Running just over three hours long, Avengers: Endgame builds to a denouement with a valedictory air akin to the last act of Peter Jackson’s similarly sprawling The Return of the King, except that it comes at the end of 22 movies instead of three movies.
The Marvel Cinematic Universe will, of course, go on. It’s no secret that, despite crumbling to dust before our eyes in Infinity War, Spider-Man, Doctor Strange and Black Panther have upcoming movies in the works, and it looks like there will finally be a solo Black Widow movie. New properties waiting in the wings include the ancient cosmic beings called the Eternals and the martial-arts master Shang-Chi.

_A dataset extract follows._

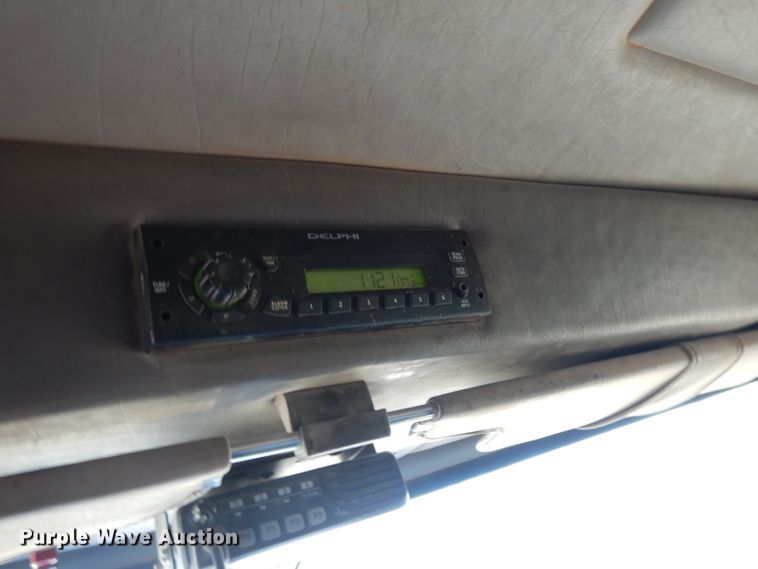 image for item DH2257 2006 Peterbilt 378 semi truck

But some established characters, in the manner of Frodo and Gandalf at the Grey Havens, get what really seem to be final send-offs of one kind or another, offering closure to arcs stretching back for years.
Finality and closure are admittedly relative in a universe where crumbling to dust could in theory be (spoilers? perish forbid!) more of a temporary disruption than an absolute end. Still, if most Marvel movies over the years have felt more like TV episodes than proper movies, Endgame is the first proper season finale since the original Avengers back in 2012.
As such, it may at last be possible to arrive at a kind of final critical evaluation of Endgame in relation to the various arcs it resolves in a way that was never possible with middle movies like Captain America: Civil War, Thor: Ragnarok and certainly Infinity War, all of which got by writing checks for future movies to cash.
With Endgame, in the words of Mordo from Doctor Strange, the bill finally comes due. The 22nd time pays for all. Is the payoff enough?
As regards its biggest obligation, the hole in the universe left when Josh Brolin’s monstrous Thanos snapped his fingers in Infinity War, wiping out half of all living creatures in the universe, Endgame delivers to an impressive degree.
For me, going into Endgame — indeed, walking out of Infinity War — the criteria for a satisfying resolution were straightforward: There must be no simple reset. No mere rolling back the clock; no going back in time and preventing the apocalypse from ever happening in the first place.
Whatever has happened has really happened, and whatever happens afterward, the narrative must roll forward, not backward. Above all, there can be no substantial reversal of fortune without real sacrifice.
This, in fact, is precisely the challenge the filmmakers set for themselves in Endgame.